The Pfaffian orientation problem is to determine whether a graph has a Pfaffian orientation. This hard problem is greatly concerned in matching theory. It is one of the problems in the book "10,000 Selected Problems in Science(Mathematics)". R.Thomas introduced the progress of Pfaffian orientation problem in the 45-minute lecture of International Congress of Mathematicians in 2006. In this project, we will focus on the structure of Pfaffian graphs, especially graphs with given genus and highly symmetric; the property of Brick and the Pfaffian numbers, which are related to Pfaffian orientation problem, including the property of 3-regular Bricks, minimal Bricks and the classification of Bricks; and the numbers of perfect matchings for graphs, which is NP-hard for general graphs, by Pfaffian orientation theory and Algebra method, especially lattices in Physics and Chemistry. Research on these problems will promote the progress of Pfaffian orientation problem and enrich the matching theory of graphs.

图的Pfaffian定向问题是判定一个图是否有Pfaffian定向的问题。它是匹配理论中备受关注的困难问题，已被收集在《10000个科学难题（数学卷）》中。R.Thomas曾在2006年世界数学家大会上的45分钟报告中介绍了该问题的研究进展。本项目重点研究若干图类的Pfaffian结构性质，特别是亏格给定的图类及具有强对称性的图类；研究与图的Pfaffian定向问题密切相关的Brick图的结构特征和图的Pfaffian数，包括三正则Brick、极小Brick的结构特征及Brick的分类；运用图的Pfaffian定向理论，结合代数的方法研究NP－困难的完美匹配计数问题，特别是对物理或化学中有应用背景的网格图。这些问题的研究将促进图的Pfaffian定向问题的进展，丰富图的匹配理论。

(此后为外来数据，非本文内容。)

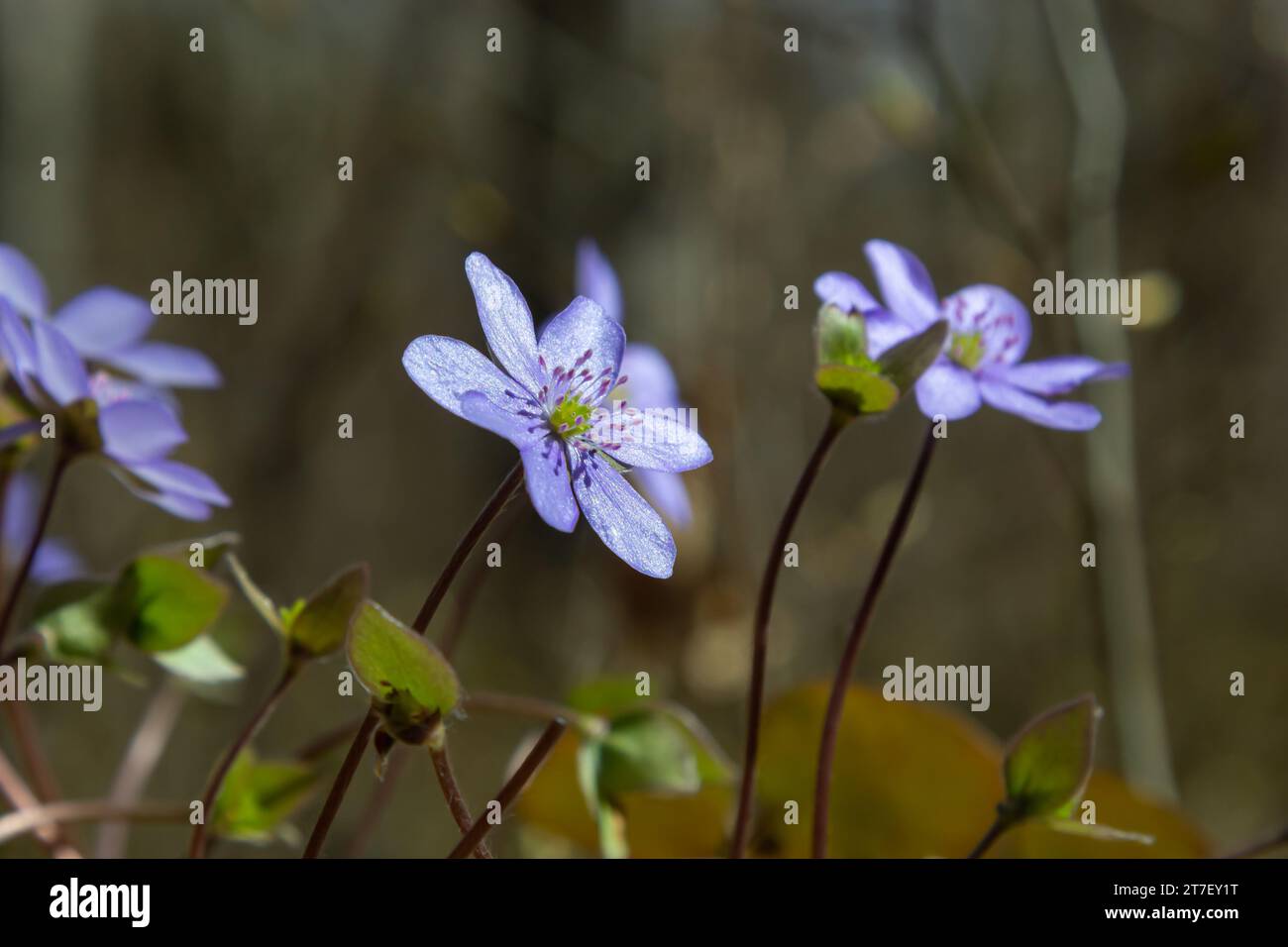 group of beautiful, purple first spring bloomers - wildflowers Large blue hepatica, Hepatica transsilvanica, in bright sunlight in early spring. Beaut Stock Photo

图的Pfaffian定向问题是匹配理论中备受关注的困难问题，已被收集在《10000个科学难题（数学卷）》中。本项目研究了若干图类的Pfaffian结构性质；给出了匹配覆盖图中等价边集合最大基数的界，并刻画了匹配覆盖图中的可行边集，并以此构成了一类图，分别回答了He等人，Lukotka和Rollova提出的问题；否定了Carvalho,Lucchesi和Murty关于三正则solid bricks图的猜想；证明了Kothari,Carvalho,Lucchesi和Little关于essentially 4-edge-connected near-bipartite cubic bricks的一类可去边下界的猜想，推动对匹配覆盖图结构和Pfaffian图性质的研究进展。另外，在消防员问题、纽结染色、树相关问题和圈基等问题也取得了一些成果。